Kasus itu jadi ramai dibincangkan karena tweet dari salah satu pelaku
pengeroyokan yang dengan sangat bangga dan arogan menunjukkan betapa dia
“sukses” menganiaya wartawan sampai babak belur. Tweet itu kemudian di
retweet berkali-kali dan mengundang banyak kecaman. Bahkan dicopas pula
ke status Facebook beberapa penggunanya. Publik dibuat geram karena
seorang anak belasan tahun, siswa sebuah sekolah favorit, ternyata
sangat bangga melakukan penganiayaan sadis.
Kita juga pernah dikejutkan dengan status FB
seorang remaja, saat terjadi bentrok antar suporter klub bola di
Jakarta, yang menyebabkan tewasnya seorang suporter klub bola lawan.
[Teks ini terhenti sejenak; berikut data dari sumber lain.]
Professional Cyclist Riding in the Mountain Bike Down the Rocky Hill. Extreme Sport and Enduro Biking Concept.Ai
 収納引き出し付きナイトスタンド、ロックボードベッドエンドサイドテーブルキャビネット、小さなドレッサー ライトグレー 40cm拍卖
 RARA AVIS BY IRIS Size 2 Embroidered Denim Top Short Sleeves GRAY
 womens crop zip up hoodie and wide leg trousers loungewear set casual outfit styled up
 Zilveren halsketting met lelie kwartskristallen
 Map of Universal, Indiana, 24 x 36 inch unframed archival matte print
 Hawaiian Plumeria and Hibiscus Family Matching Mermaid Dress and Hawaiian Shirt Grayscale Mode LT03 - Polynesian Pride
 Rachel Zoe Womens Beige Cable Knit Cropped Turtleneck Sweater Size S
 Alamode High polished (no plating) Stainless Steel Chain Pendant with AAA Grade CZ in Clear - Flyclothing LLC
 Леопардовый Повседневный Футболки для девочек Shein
Si
penganiaya dengan bangga menulis di FB-nya bagaimana ia “berhasil”
menganiaya musuhnya sampai mati. Kabarnya, pelaku bisa diketahui justru
karena status FBnya yang dimaksudkan sebagai bentuk pamer kebanggaan
pada pacarnya. Miris bukan?
Inilah realita yang seharusnya kita tangkap : anak-anak remaja kita bangga dengan kekerasan.
Mereka menjadikan tolok ukur eksistensi dirinya dari “keberanian”
menyerang siapapun yang dianggap musuh. Dengan atau tanpa pertanyaan
yang diajukan Pak Nuh, tiadanya rasa penyesalan bahkan justru rasa puas
karena berhasil menghabisi “lawan”, tetap tak bisa dinafikan. Tanya Pak
Nuh justru sekali lagi menyadarkan kita, bahwa anak-anak kita sudah
sangat terbiasa melakukan kekerasan untuk mendongkrak eksistensi
dirinya.
GAME ONLINE, SALAH SATU KONTRIBUTOR ANARKHISME
Psikolog Elly Risman – yang dikenal sebagai pakar
parenting dan pemerhati anak – sejak beberapa tahun lalu sudah
merisaukan hal ini. Dalam berbagai kesempatan, Bu Elly selalu
mengingatkan para orang tua tentang bahaya game online bagi anak-anak. Tak main-main kata Bu Elly Risman, jika kita membiarkan anak-anak kita terbiasa asyik dengan game online,
jangan heran jika kita sebenarnya sedang mendidik teroris-teroris cilik
yang akan terbentuk watak, karakter dan perilakunya dengan pola
kekerasan.
Betapa tidak, menurut Bu Elly, dalam banyak game
online yang themanya pertarungan antar tokoh game, kekerasan selalu
mendominasi. Darah muncrat seolah nyata. Alat-alat yang digunakan untuk
menyerang lawan pun menginspirasi anak untuk menggunakannya sebagai alat
menyerang siapapun yang dianggap musuhnya. Anak yang memainkan dipicu
untuk lebih dulu menyerang sebelum diserang. Lebih cepat memulai
menyerang, lebih baik. Makin sadis caranya menyerang, dan melumpuhkan
musuh, makin puas pula si pemain game. Adrenalinnya seolah terpicu untuk
terus menyerang sebelum musuh terkapar tak bergerak dan darah membanjir
disekitarnya.
Jaman sekarang, warnet-warnet yang lokasinya dekat
sekolah atau di perumahan yang banyak anak usia sekolah, lebih banyak
terminalnya yang berfungsi sebagai game online ketimbang untuk browsing.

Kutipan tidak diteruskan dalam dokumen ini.